$f(x,y) = 0$ when $x = y = 0$. Shouldn't $\frac{\partial^2 f}{\partial y \partial x} = 0$?

Question

I'm given the following function:

$f(x,y) =$ $ \begin{cases} 2xy \frac{x^2 - y^2}{x^2 + y^2} & x^2 + y^2 \neq 0 \\ 0 & x=y=0 \end{cases} $

And the task is to prove that $f_{xy}(0,0) = -2$ and that $f_{yx}(0,0) = 2$.

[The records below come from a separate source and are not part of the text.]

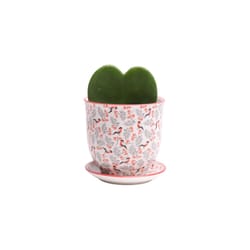 Chive Liberte 3.25 in. D Ceramic Succulent Pot Red Birds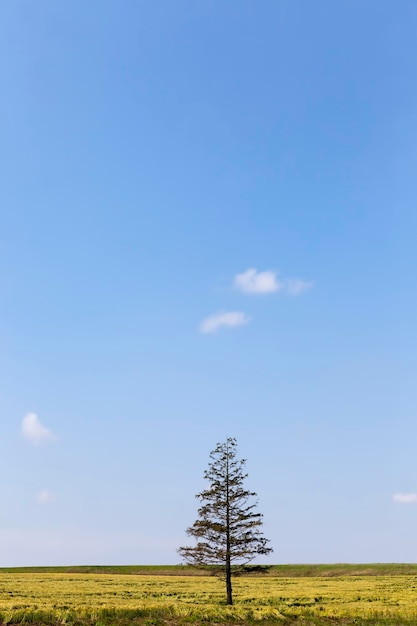 An old spruce in the field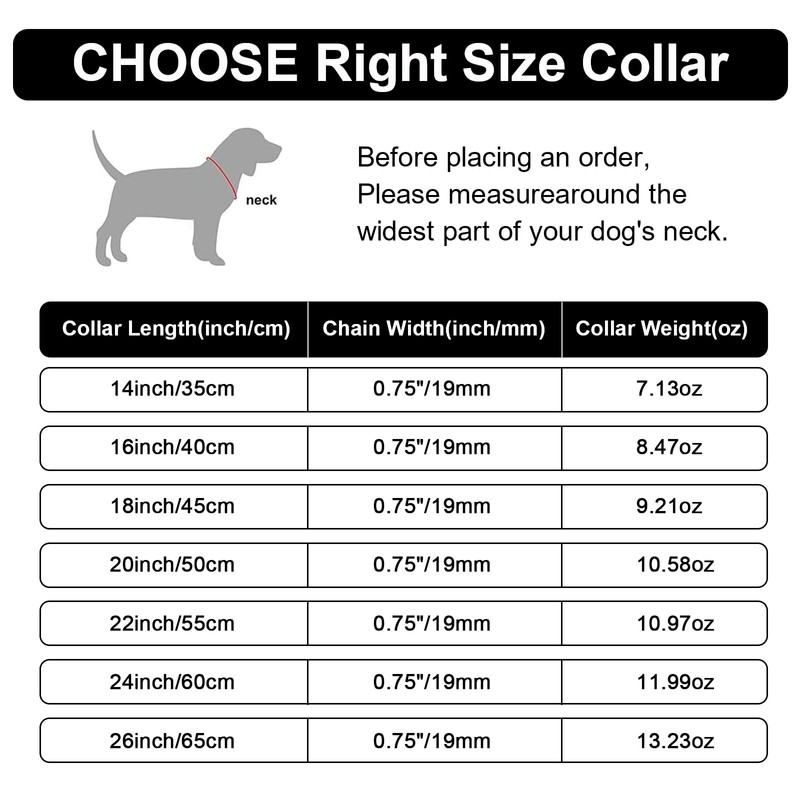 Gold Dog Collar Chain with Pendant Tag,Stainless Steel Walking Metal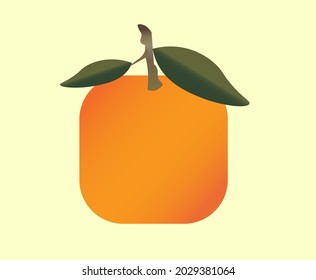 ilustración vectorial de frutos de clementina cuadrada única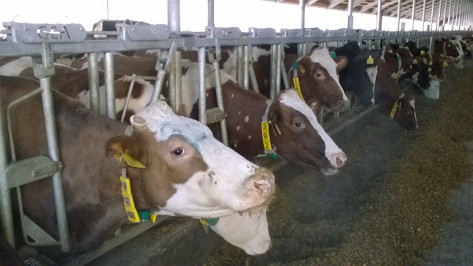 В Воронежской области заработал молочный комплекс на 2800 голов коров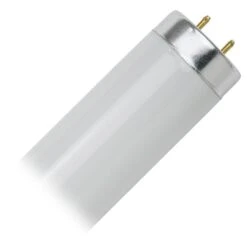 Sunlite Fluorescent Light Bulb (30031)
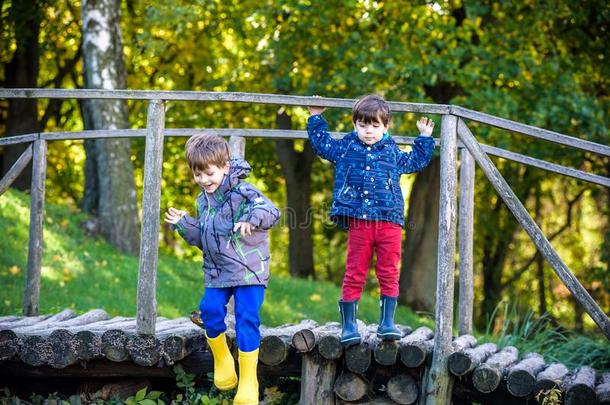 两个兄弟们兄弟男孩小孩人行横道小的木制的桥采用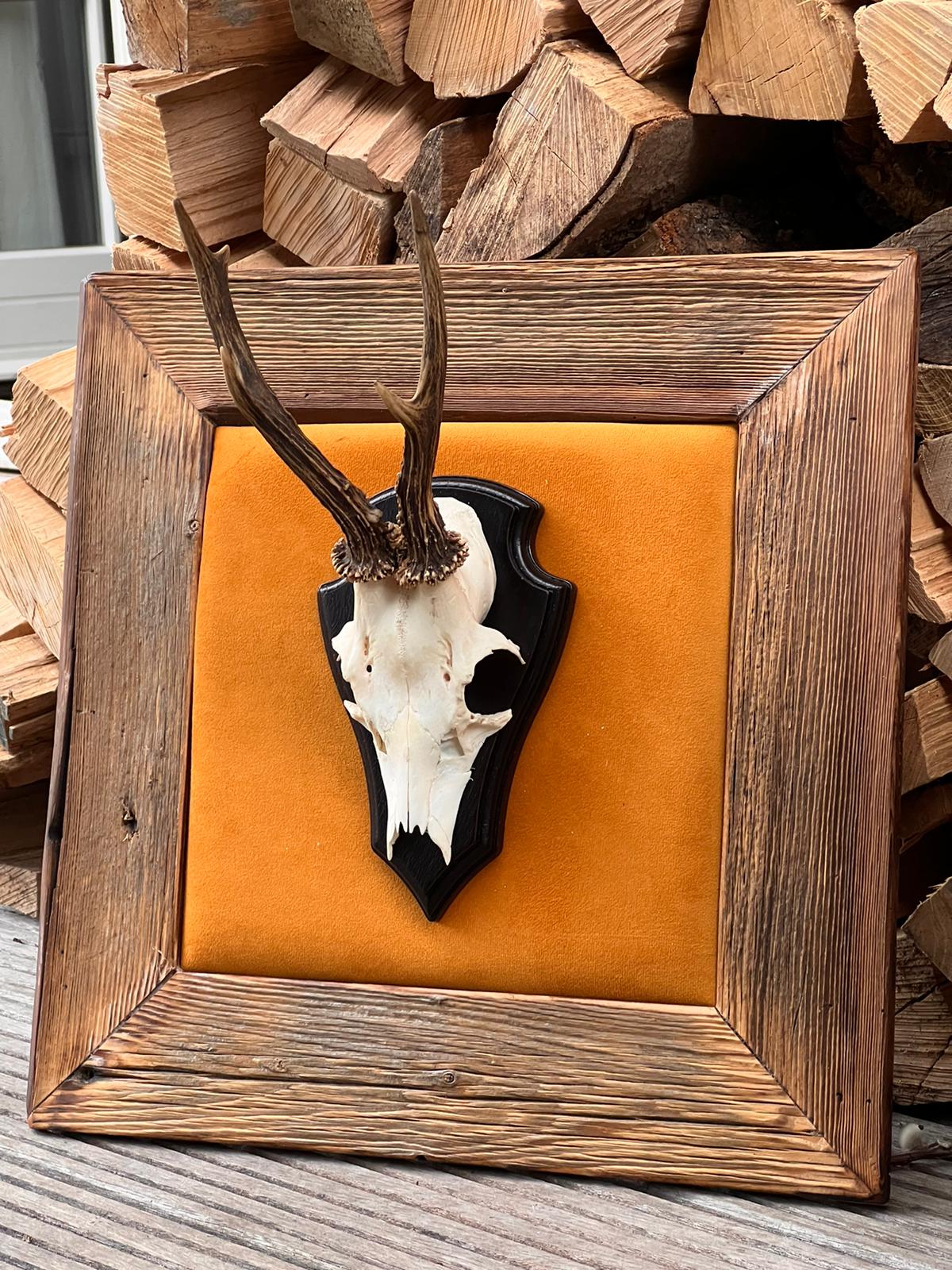 Geweihbild Samthintergrund OCKER Farbton 26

At first glance I'd say that neither of these is true since at $(0,0)$ the function is 0 and so both expressions should equal 0. I thought maybe I was wrong and tried to work with the other piece of the function but I got the following: $$ f_{xy}=\frac{\partial^2 f}{\partial y \partial x} = \frac{2(x^6+9x^4y^2-9x^2y^4-y^6)}{(x^2 + y^2)^3} $$

Which is clearly not $-2$ if we evaluate for $x=0, y=0$. What am I missing? Am I going about it all wrong? Any help is appreciated.

Answer 1

Let $f$ be given by

$$f(x,y)=\begin{cases} 2xy\frac{x^2-y^2}{x^2+y^2}&,x^2+y^2>0\\\\ 0&,x^2+y^2=0 \end{cases}$$

For $x^2+y^2>0$, we have

$$\begin{align}\frac{\partial f(x,y)}{\partial x}&=\frac{2y(x^4+4x^2y^2-y^4)}{(x^2+y^2)^2}\\\\\frac{\partial f(x,y)}{\partial y}&=-\frac{2x(y^4+4x^2y^2-x^4)}{(x^2+y^2)^2}\end{align}$$

To calculate the first partial derivaties at the origin, we revert to using the limit definition of the partial derivatives.

Proceeding, we find that

$$f_x(0,0)=\lim_{h\to 0}\frac{f(h,0)-f(0,0)}{h}=0\\\\ f_y(0,0)=\lim_{h\to 0}\frac{f(0,h)-f(0,0)}{h}=0$$

---

We proceed in a similar fashion to find the mixed partial derivatives at the origin. We find that

$$\begin{align} f_{yx}(0,0)&=\lim_{h\to 0}\frac{f_y(h,0)-f_y(0,0)}{h}\\\\ &=\lim_{h\to 0}\frac{-\frac{2h(0^4+4x^20^2-h^4)}{(h^2+0^2)^2}-0}{h}\\\\ &=2 \end{align}$$

and

$$\begin{align} f_{xy}(0,0)&=\lim_{h\to 0}\frac{f_x(0,h)-f_x(0,0)}{h}\\\\ &=\lim_{h\to 0}\frac{\frac{2h(0^4+4x^20^2-h^4)}{(h^2+0^2)^2}-0}{h}\\\\ &=-2 \end{align}$$

as was to be shown!